La communauté internationale n'a pas fini de régler la facture de Tchernobyl. Car l'Ukraine, seule, ne peut faire face. Sécuriser le site est hors de ses moyens. Depuis 1986, la communauté internationale a dû, cahin caha, mobiliser plus d'un milliard d'euros pour gérer cette crise nucléaire inédite.
Le projet de grand sarcophage, chargé de fermer hermétiquement le site, quinze ans après le premier appel d'offres, n'est toujours pas totalement financé. Les donateurs se font tirer l'oreille. À Kiev, la semaine dernière, un nouveau tour de table a permis de réunir 550 millions d'euros supplémentaires. Il en fallait 740. Le Japon, frappé à Fukushima, a laissé sa chaise vide.
Une période incertaine
Tchernobyl fut le coup fatal porté à l'empire soviétique, si fier de ses réussites technologiques. L'explosion nucléaire - on ne pouvait le comprendre sur l'instant - a, par réactions en chaîne, ébranlé Moscou, fait chuter le mur de Berlin. D'une tragédie naissait une libération. Du coup, la nature même de la catastrophe a été quelque peu escamotée. Ce n'était pas l'énergie atomique qui était remise en cause, mais un modèle d'organisation sociale totalitaire.
Avec le drame japonais, la question resurgit. De quoi Fukushima sera-t-il la fin ? La fin d'une croyance aveugle dans la sécurité nucléaire au Japon, l'archipel de tous les dangers sismiques, c'est certain. La mort du mythe de l'énergie sûre, propre, économique ? Évidence. La catastrophe japonaise, vingt-cinq ans après celle de Tchernobyl, ouvre une période incertaine. En Europe, l'Allemagne et l'Italie se détournent du nucléaire. Aux États-Unis, une compagnie privée annule un projet de centrale. En Inde montent les contestations...

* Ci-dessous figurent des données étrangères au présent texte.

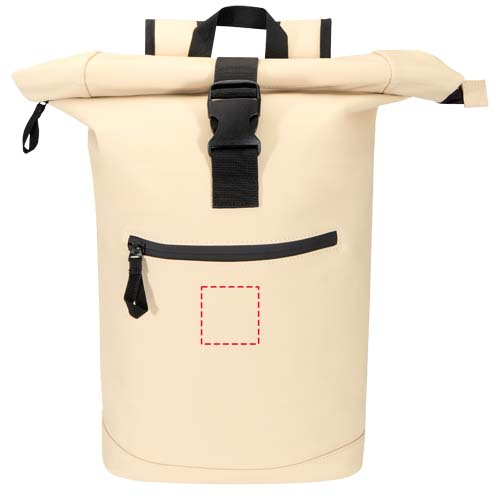 Sac à dos à fermeture enroulable extensible Resi Plus 15 pouces en matières recyclées GRS, 18 L: Poche · Broderie — variante « fixed »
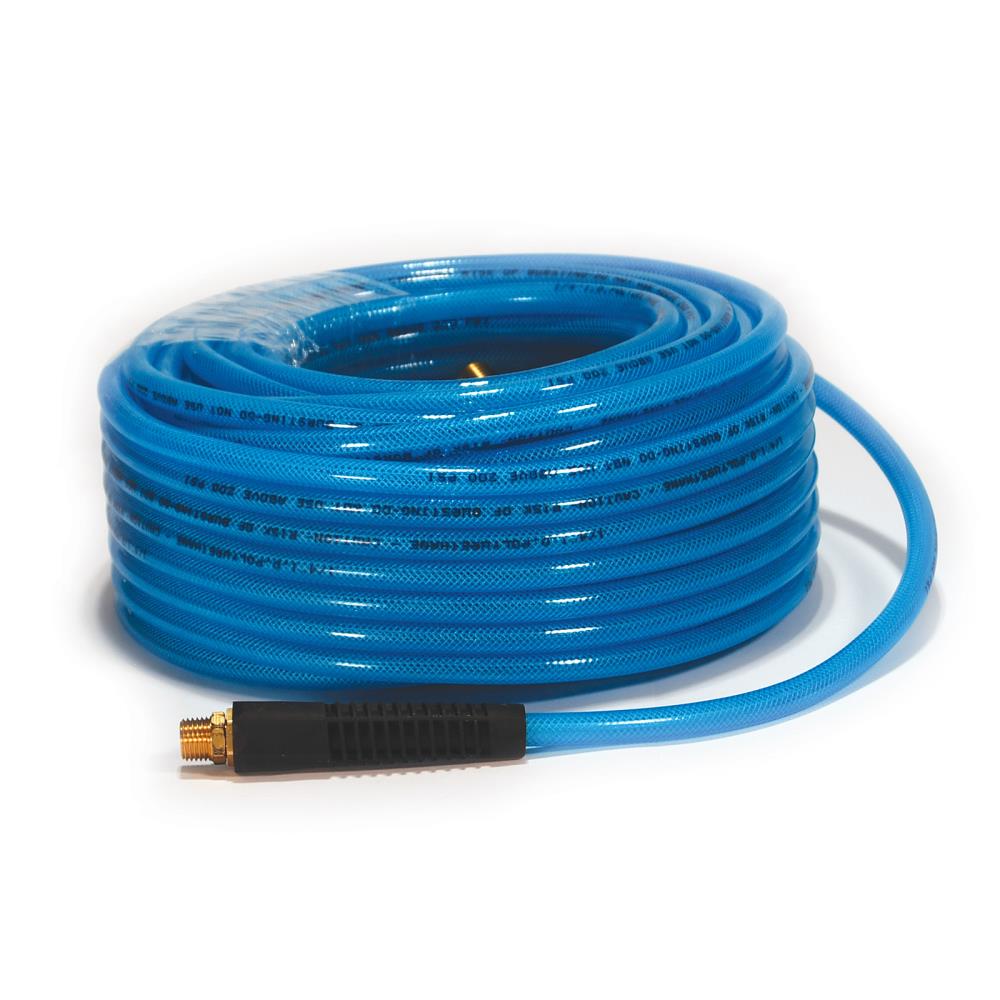 100-Ft Polyurethane Air Hose - 1/4-in Diameter, Blue, Kink Free, Reinforced, 200 PSI PU141002-B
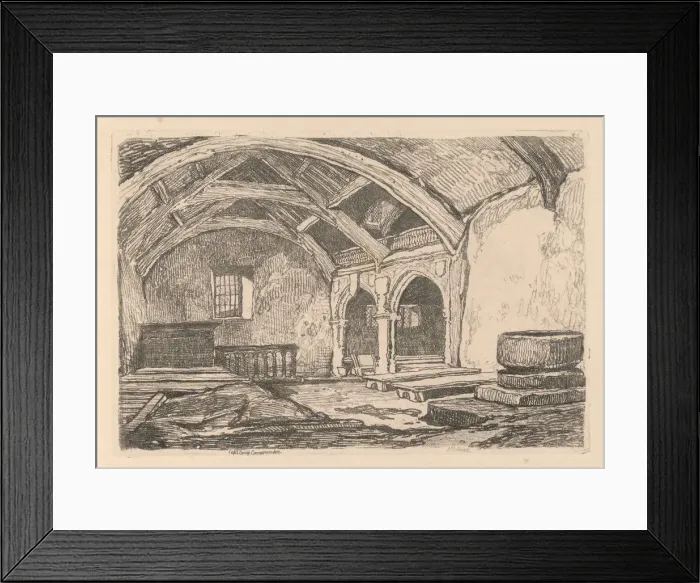 Framed Print : Liber Studiorum: Plate 42, Capel Carrig, Caernarvonshire, 1838. Creator: John Sell Cotman (British Framed Print : Liber Studiorum: Plate 42, Capel Carrig, Caernarvonshire, 1838. Creator: John Sell Cotman (British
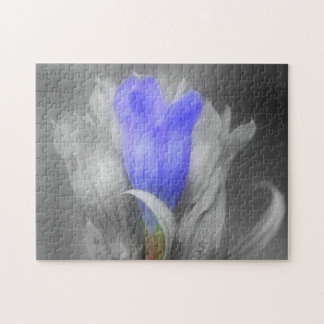 Puzzle Flor Gentiana Azul En Naturaleza Blanca Y Negra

Les normes de sécurité, relevées, vont renchérir le prix du kilowattheure nucléaire. Dans le grand défi énergétique du XXIe siècle - défi économique et climatique - quelle place occupera l'atome ? Nul ne le sait. Nos modes de vie et de consommation vont être bousculés par un surenchérissement de l'énergie. Pétrole, gaz, nucléaire, les prix grimpent. Fukushima et ses conséquences attisent les tensions, accélèrent le débat. EDF et Areva, nos champions mondiaux de l'atome, déjà endettés, en sortiront renforcés ou à jamais affaiblis.